Our Prime Minister-CEO

By David Ng

Prior to the election last spring, in an effort to style himself as a Richard Gere-type humanitarian rather than as a Cheney-like corporate raider, Paul Martin agreed to meet with the Dalai Lama. China–Canada’s fourth largest export market–urged Martin not to meet with him, and warned that it could threaten bilateral trading. Martin, ever aware of business interests, decided to meet with the Dalai Lama on the condition that it was as a religious and not as a political leader. Last week and post-election, Martin was less guarded when he welcomed Chinese investments in Canada’s natural resource sector.

Noranda Inc., the country’s biggest mining firm, is in talks with the Chinese state firm Minmetals on selling 100 per cent of the corporation for an estimated $5 billion. Martin issued a warm welcome, without mixed messages, from one ex-CEO to all others. The message: Canada will welcome business regardless of concerns over sovereignty and human rights.

Martin has run Canada as a CEO. Liberal priorities are those of business while those of Canadians have been placed on a to do list. While Martin and the Liberals were reducing social spending to pre-1951 levels, they were simultanously instituting a large tax cut in 2000 with the bulk of the cuts going to large coporations. The Liberals have sold off many public Canadian companies, and recently completed the sale of Canada’s final shares in Petro-Canada. Policies of tax cuts, deficit reduction, and privatization have all been geared towards the opening of Canada for foreign investment.

Foreign ownership over Canadian resources presents risks to Canadian sovereignty. It creates an interest group of considerable power and direct access to government. Paul Cellucci, U.S. Ambassador to Canada and Bush adminstration mouthpiece, warned Canada of economic consequences for not joining the war in Iraq. It is U.S. economic dominance over Canadian industry that gives force to his right-eous arguments. We will not be able to maintain our political independance without our economic freedom.

Mutual investment between Canada and China supports China’s repressive and undemocratic regime while undermining our own democracy. Canada has a large amount of trade with China. Investment in Canada’s resource sector is needed to ensure resource availability for China’s growing economy. This policy supports a Chinese government that is a violator of human rights. Notably, state-owned China Minmetals Corp., the likely buyer of Noranda Inc., has been accused of profiting from forced labour in China’s prisons.

The process that supports China’s regime will undermine our control over our resources, and create corporate dependency based on friendly relations. Corporate pressure will make it difficult to challenge China on rights issues. It is the toxic convergence of state and big business that results in democracy and human rights becoming slogans of the masses rather than priorities of western governments.

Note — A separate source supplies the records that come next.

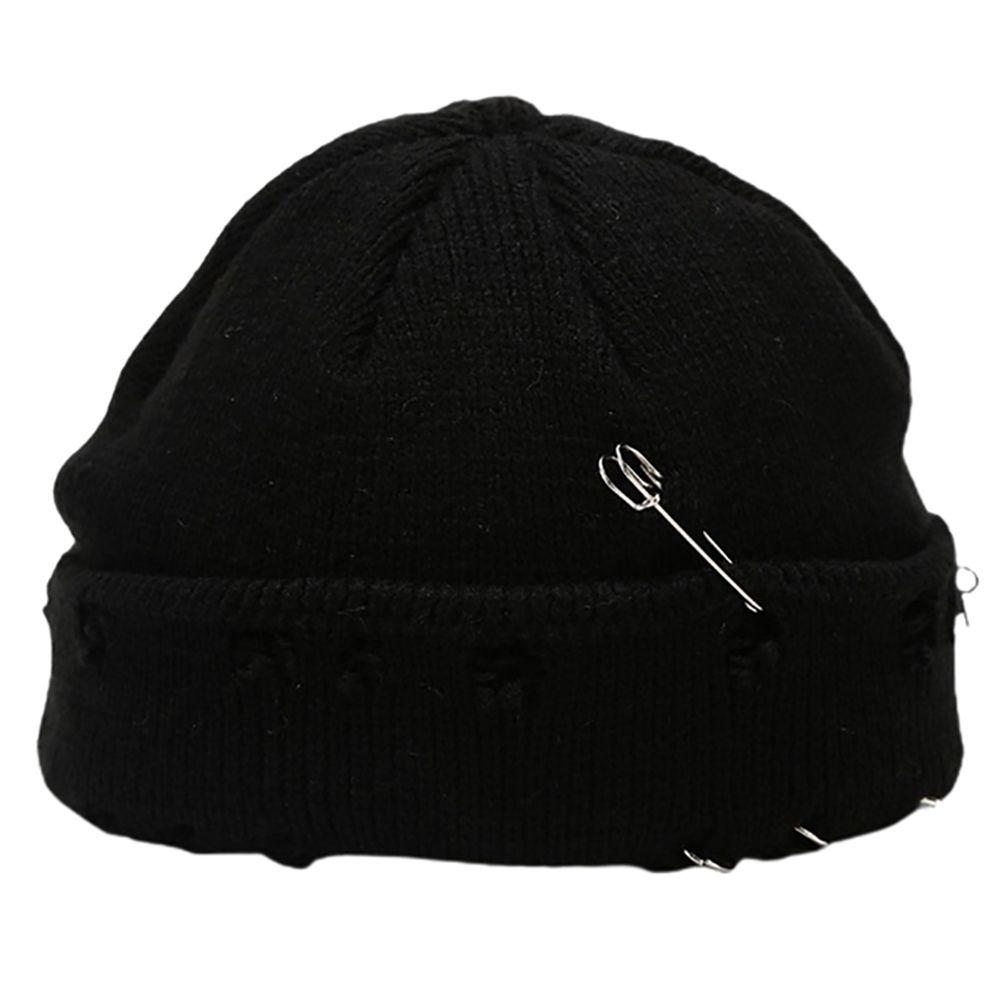 Casual Distressed Hole Female O-Ring Winter With Pins Knitted Hat Beanie Hat Warm Cap Solid Color
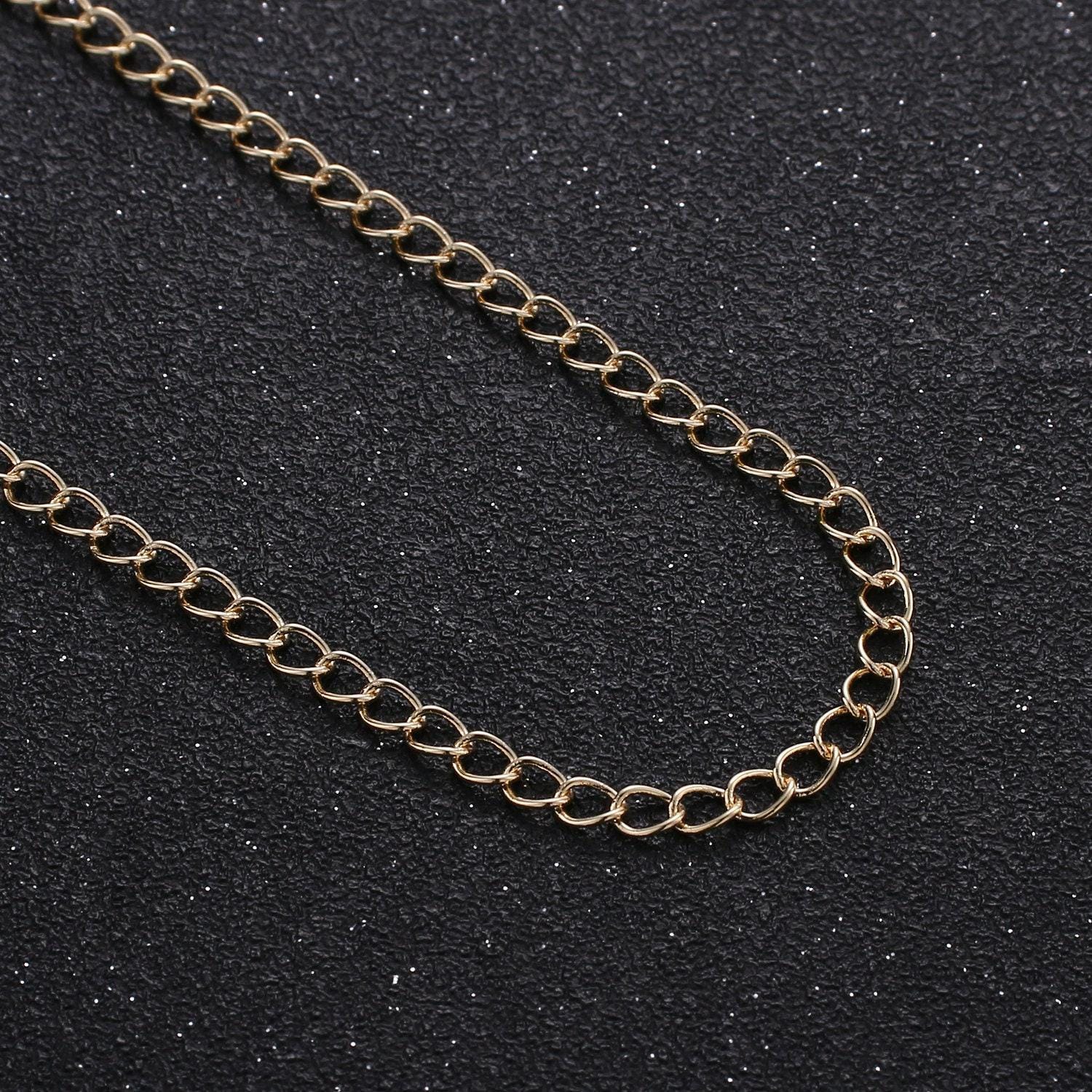 24k gold rolo cable chain by yard, oval link chain, wholesale bulk roll chain for diy jewelry, thickness 0.3mm,288/388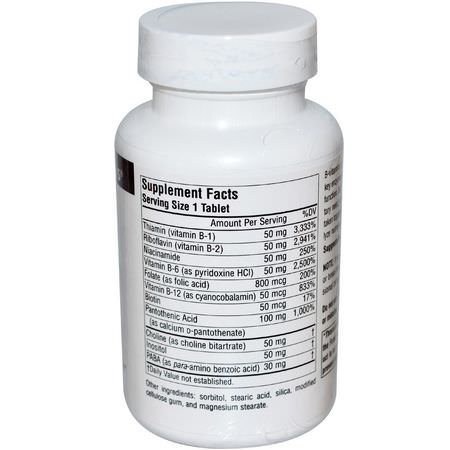 Vitamin B-Komplex, Vitamin B, Vitaminer, Kosttillskott: Source Naturals, B-50 Complex, 50 mg, 100 Tablets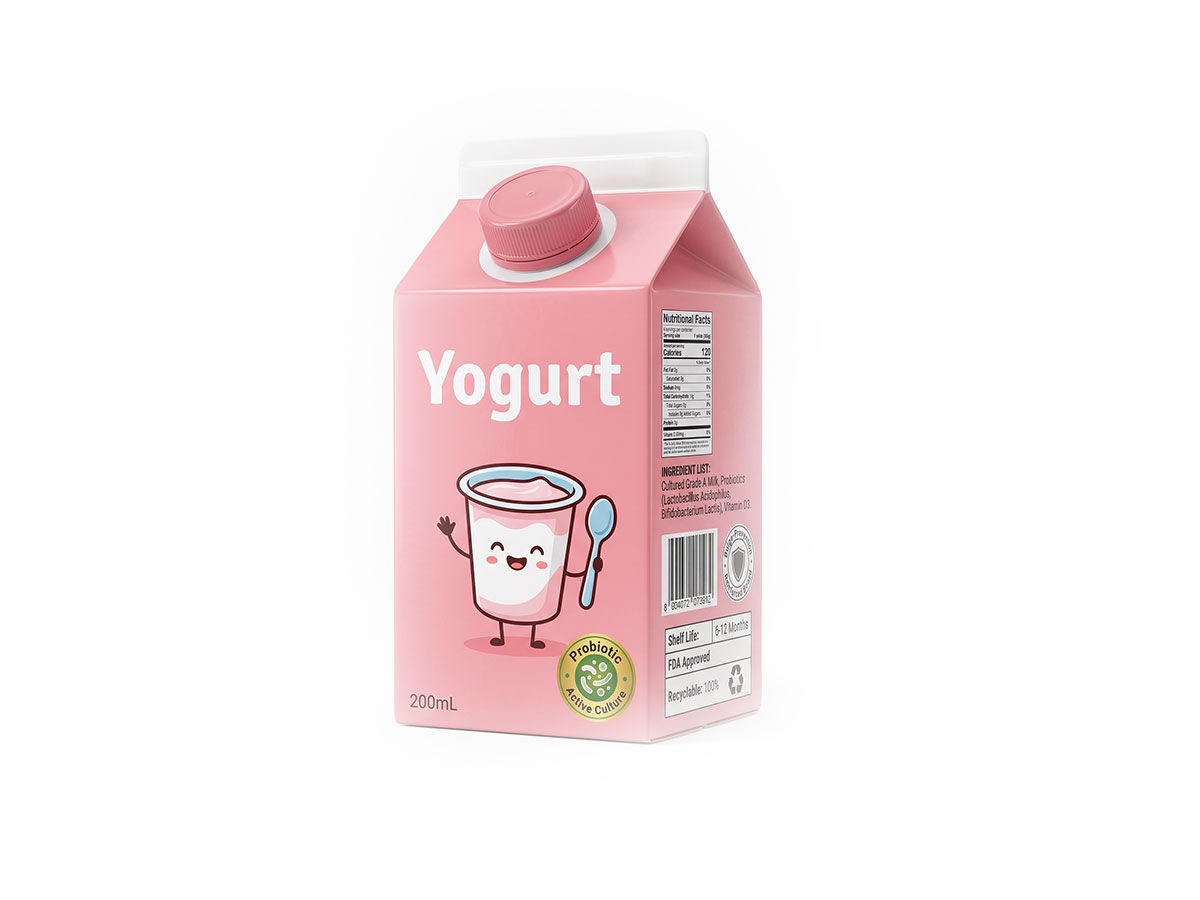 Kids Yogurt Carton — 200mL Gable Top Packaging by ASQ Packing | Probiotic, FDA Approved, Bulge-Prevention Yogurt Carton for Kids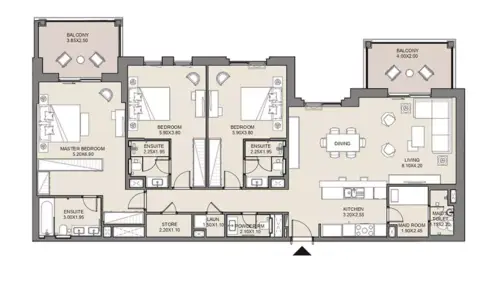 Plattegrond van 3 slaapkamers in Jadeel at Madinat Jumeirah Living By Meraas Holding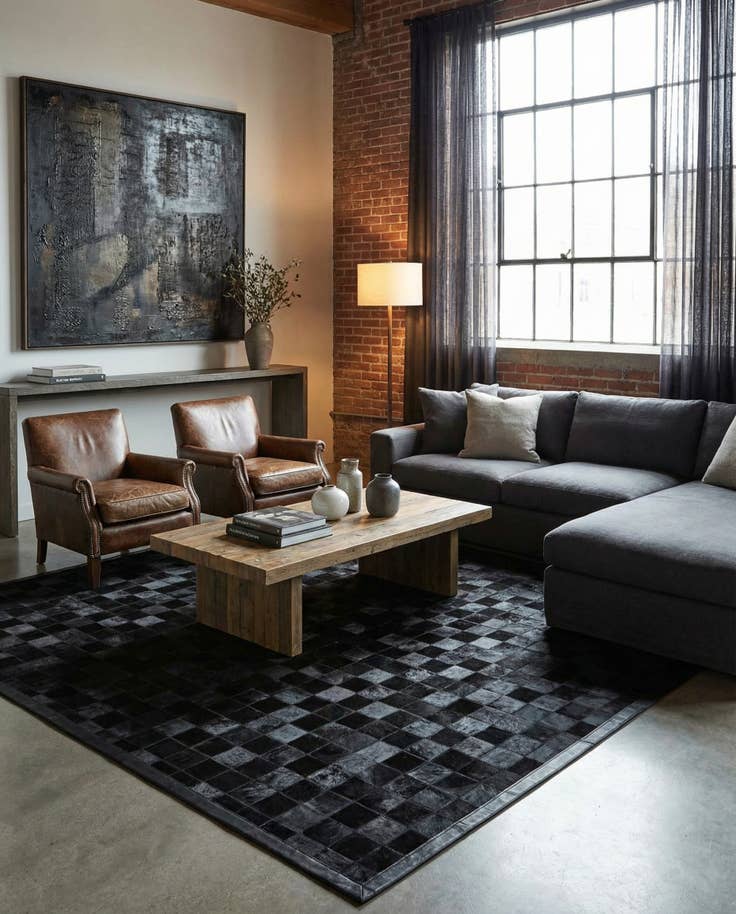 Detail image of 5' 3 x 8' 2 Cowhide - Patchwork Rug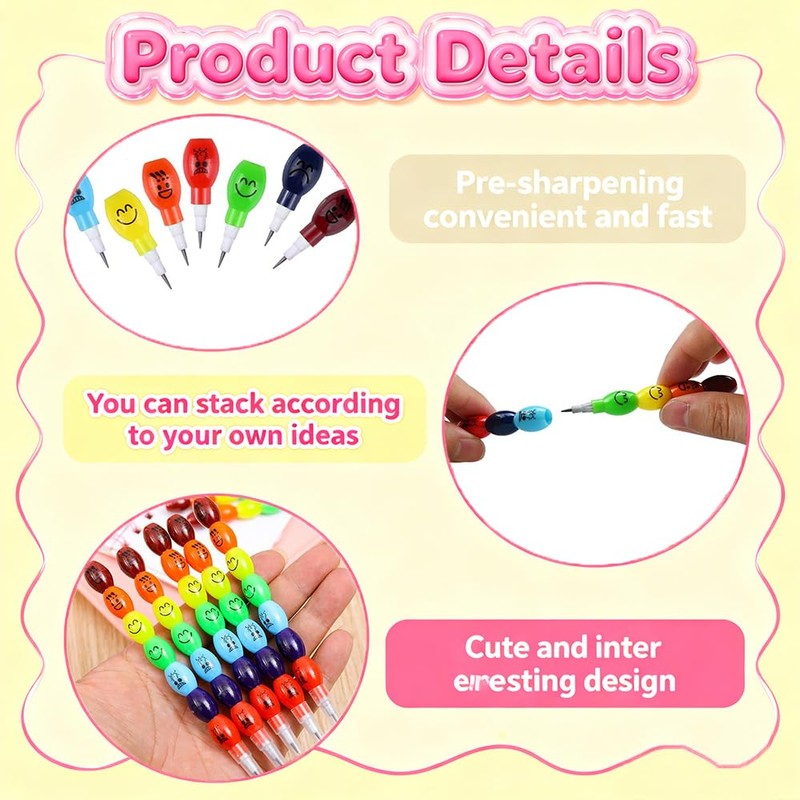 TUGHJXY 32 Pcs Stackable Pencils, Funny Stacking Pencils, Cute Rainbow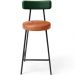 Banqueta Baixa Cozinha Sala Jantar Bancada Milão L02 Facto Verde Musgo Camel - Lyam Decor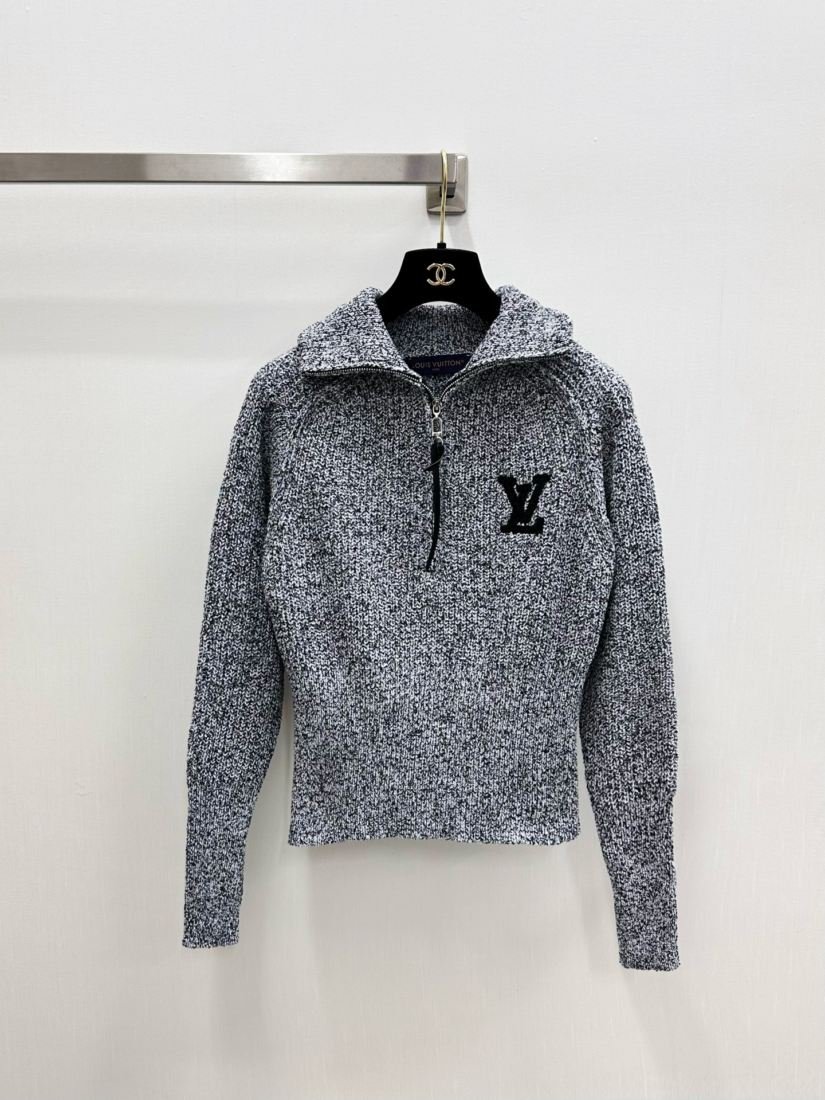 Louis Vuitton Pull à demi-zip en maille chinée et monogramme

John Ralston Saul describes Canada as an “unconscious civilization,” one that is unaware of the forces that are undoing us. Foreign ownership over our economic system is one such force. In 1993, Canadians voted for the Liberals to take us in a new direction. Instead we got more free trade, tax cuts, privatization, and a public policy that has made Canada ripe for a foreign corporate takeover.

Martin met with the Dalai Lama as a religious leader because he did not want to cross the political boundaries set by the business class. After all, a CEO can find religion, but a politician is responsible to the people.